[[ DATASET CONTENT, beginning ]]
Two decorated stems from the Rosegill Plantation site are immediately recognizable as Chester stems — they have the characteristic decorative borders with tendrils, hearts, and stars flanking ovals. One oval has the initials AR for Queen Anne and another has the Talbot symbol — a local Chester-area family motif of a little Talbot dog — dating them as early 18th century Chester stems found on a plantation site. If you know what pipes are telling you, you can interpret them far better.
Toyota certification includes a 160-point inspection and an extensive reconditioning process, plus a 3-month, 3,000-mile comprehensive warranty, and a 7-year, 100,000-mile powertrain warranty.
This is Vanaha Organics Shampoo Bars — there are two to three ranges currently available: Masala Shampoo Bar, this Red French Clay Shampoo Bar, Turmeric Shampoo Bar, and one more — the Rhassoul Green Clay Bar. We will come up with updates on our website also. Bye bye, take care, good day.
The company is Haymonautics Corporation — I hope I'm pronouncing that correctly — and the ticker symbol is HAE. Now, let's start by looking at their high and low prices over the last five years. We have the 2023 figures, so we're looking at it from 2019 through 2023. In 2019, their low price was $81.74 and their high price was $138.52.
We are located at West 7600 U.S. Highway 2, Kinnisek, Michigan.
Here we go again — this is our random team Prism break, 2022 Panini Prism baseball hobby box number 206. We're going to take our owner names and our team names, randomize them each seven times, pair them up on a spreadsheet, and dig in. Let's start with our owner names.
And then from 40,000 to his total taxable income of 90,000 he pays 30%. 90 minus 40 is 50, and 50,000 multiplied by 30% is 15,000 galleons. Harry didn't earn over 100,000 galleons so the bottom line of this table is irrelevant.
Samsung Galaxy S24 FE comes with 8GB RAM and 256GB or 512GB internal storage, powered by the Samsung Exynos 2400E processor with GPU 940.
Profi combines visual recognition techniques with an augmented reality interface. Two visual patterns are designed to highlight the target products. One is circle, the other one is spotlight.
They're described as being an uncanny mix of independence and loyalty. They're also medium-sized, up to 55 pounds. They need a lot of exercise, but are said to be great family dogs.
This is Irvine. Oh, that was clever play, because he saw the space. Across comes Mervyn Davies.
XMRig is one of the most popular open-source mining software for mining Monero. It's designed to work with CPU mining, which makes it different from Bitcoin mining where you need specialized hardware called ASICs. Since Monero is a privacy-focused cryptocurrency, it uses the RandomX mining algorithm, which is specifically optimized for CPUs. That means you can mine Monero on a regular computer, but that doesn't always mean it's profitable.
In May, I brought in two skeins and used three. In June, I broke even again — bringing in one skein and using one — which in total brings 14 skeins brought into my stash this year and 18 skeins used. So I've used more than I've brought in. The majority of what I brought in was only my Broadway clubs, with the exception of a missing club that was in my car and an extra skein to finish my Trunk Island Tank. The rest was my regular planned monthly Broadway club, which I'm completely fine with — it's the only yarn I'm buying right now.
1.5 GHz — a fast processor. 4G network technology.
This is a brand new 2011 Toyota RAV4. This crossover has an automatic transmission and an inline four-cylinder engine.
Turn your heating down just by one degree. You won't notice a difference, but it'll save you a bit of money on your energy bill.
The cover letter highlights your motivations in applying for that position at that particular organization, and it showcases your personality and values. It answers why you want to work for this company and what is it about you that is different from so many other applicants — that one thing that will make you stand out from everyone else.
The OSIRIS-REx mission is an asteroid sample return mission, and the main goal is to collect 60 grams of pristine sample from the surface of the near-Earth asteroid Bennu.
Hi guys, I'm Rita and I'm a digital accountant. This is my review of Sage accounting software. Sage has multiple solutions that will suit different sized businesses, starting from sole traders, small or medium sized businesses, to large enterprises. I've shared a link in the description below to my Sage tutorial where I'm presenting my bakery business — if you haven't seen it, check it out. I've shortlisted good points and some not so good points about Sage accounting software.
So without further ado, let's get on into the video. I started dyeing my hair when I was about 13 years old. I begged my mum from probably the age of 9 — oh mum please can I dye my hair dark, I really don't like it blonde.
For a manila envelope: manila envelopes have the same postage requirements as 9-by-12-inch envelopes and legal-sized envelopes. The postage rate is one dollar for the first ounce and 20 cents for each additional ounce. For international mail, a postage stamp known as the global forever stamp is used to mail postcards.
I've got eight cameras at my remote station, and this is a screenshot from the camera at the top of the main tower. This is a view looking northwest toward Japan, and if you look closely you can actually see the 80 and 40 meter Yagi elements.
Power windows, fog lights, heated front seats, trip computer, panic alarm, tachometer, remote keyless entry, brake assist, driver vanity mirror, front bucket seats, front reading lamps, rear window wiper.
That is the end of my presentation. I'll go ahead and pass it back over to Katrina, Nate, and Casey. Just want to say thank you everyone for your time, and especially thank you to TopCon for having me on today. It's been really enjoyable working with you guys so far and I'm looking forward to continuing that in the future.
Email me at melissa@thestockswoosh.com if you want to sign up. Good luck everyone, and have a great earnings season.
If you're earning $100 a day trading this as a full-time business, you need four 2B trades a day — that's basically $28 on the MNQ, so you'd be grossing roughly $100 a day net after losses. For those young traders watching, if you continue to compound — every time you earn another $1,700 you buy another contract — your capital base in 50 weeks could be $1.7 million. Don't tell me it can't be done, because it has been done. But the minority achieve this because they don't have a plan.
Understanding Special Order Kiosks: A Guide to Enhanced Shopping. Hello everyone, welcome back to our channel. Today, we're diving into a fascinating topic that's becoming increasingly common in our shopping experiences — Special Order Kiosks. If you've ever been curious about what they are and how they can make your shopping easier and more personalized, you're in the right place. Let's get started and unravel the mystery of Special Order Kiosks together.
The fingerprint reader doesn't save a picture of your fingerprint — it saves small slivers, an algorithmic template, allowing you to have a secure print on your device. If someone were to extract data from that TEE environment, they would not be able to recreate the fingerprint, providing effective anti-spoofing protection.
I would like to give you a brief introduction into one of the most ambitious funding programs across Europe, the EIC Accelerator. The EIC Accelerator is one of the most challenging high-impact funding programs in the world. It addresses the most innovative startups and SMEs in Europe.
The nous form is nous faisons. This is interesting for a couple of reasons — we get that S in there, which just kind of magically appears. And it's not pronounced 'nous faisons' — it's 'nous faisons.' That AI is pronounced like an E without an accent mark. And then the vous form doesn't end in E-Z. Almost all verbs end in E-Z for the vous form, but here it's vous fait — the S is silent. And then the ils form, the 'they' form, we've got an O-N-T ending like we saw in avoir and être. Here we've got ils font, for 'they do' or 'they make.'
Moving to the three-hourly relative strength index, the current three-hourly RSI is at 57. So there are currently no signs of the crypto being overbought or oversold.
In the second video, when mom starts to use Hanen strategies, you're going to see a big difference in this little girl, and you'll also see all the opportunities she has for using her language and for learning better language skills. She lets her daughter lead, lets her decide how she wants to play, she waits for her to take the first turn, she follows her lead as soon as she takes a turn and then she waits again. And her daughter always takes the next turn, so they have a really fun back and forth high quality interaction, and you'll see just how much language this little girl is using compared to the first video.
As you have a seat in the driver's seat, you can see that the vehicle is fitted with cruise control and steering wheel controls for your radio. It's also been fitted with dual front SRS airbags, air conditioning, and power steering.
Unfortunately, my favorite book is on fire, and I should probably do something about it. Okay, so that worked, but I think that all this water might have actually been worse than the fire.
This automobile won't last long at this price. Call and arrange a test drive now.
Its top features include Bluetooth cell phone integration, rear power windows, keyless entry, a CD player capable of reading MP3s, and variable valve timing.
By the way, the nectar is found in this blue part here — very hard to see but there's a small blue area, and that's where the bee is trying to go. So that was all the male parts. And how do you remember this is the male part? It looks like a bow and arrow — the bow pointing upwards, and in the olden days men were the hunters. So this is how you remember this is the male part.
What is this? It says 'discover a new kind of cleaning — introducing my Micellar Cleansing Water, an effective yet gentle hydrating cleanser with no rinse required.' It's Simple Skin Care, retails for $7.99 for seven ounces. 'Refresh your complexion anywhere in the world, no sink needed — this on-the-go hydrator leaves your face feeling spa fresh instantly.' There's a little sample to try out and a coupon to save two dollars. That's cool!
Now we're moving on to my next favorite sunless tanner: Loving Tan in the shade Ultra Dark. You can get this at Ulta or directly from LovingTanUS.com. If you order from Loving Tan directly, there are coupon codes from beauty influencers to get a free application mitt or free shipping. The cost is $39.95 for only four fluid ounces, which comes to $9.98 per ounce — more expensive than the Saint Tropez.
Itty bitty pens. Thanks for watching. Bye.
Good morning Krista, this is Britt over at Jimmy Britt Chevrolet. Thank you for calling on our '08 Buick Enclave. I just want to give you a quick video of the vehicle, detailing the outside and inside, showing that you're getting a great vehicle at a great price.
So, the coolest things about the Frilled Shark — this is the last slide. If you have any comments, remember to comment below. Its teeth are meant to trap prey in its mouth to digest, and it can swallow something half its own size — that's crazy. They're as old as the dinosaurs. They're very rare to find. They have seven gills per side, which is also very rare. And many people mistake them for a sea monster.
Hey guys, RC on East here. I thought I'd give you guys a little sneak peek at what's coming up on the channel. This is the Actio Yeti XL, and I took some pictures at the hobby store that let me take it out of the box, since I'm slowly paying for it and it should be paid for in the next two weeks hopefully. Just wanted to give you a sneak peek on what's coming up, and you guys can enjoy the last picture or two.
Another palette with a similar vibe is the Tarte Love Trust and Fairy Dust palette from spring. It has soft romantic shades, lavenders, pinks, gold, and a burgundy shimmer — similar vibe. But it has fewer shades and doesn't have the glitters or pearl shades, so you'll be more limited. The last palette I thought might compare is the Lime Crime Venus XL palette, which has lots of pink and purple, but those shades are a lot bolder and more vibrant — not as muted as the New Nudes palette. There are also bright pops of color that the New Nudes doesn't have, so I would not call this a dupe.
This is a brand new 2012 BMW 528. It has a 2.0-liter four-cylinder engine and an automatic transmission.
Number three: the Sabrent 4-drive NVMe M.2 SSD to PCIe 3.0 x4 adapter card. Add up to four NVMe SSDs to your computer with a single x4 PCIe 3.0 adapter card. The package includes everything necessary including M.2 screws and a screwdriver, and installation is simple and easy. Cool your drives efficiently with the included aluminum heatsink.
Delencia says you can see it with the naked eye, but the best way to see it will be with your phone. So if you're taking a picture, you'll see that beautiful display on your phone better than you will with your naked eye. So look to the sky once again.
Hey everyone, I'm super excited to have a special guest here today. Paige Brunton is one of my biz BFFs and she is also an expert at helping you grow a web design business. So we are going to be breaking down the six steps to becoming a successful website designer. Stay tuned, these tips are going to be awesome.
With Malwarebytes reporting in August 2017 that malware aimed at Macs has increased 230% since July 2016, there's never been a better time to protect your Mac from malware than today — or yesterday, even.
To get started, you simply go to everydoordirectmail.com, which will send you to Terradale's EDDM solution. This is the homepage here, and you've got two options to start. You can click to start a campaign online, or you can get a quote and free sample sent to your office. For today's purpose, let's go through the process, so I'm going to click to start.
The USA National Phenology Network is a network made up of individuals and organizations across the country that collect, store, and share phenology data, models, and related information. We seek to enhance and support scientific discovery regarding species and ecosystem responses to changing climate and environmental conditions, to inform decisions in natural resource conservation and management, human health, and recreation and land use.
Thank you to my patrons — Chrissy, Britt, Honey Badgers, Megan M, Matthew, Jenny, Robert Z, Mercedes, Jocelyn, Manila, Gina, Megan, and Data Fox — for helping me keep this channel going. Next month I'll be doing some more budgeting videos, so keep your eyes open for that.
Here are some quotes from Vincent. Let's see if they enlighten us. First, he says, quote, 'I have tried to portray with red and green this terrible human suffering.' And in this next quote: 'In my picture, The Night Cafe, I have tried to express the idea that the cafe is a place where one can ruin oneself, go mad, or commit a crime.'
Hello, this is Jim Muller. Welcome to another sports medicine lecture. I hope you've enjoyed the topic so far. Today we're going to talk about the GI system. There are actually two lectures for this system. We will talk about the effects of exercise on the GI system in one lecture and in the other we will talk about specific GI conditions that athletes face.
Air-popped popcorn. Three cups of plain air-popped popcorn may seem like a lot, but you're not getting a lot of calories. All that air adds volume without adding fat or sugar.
[[ DATASET CONTENT, end ]]
• _TASK BRIEF_
Both the line containing "This is a brand new 2011" and the line containing "The OSIRIS-REx mission" belong in the answer. Print them and every line above that falls between them exactly, and no others.

• _OUTPUT OF THE EXERCISE_
This is a brand new 2011 Toyota RAV4. This crossover has an automatic transmission and an inline four-cylinder engine.
Turn your heating down just by one degree. You won't notice a difference, but it'll save you a bit of money on your energy bill.
The cover letter highlights your motivations in applying for that position at that particular organization, and it showcases your personality and values. It answers why you want to work for this company and what is it about you that is different from so many other applicants — that one thing that will make you stand out from everyone else.
The OSIRIS-REx mission is an asteroid sample return mission, and the main goal is to collect 60 grams of pristine sample from the surface of the near-Earth asteroid Bennu.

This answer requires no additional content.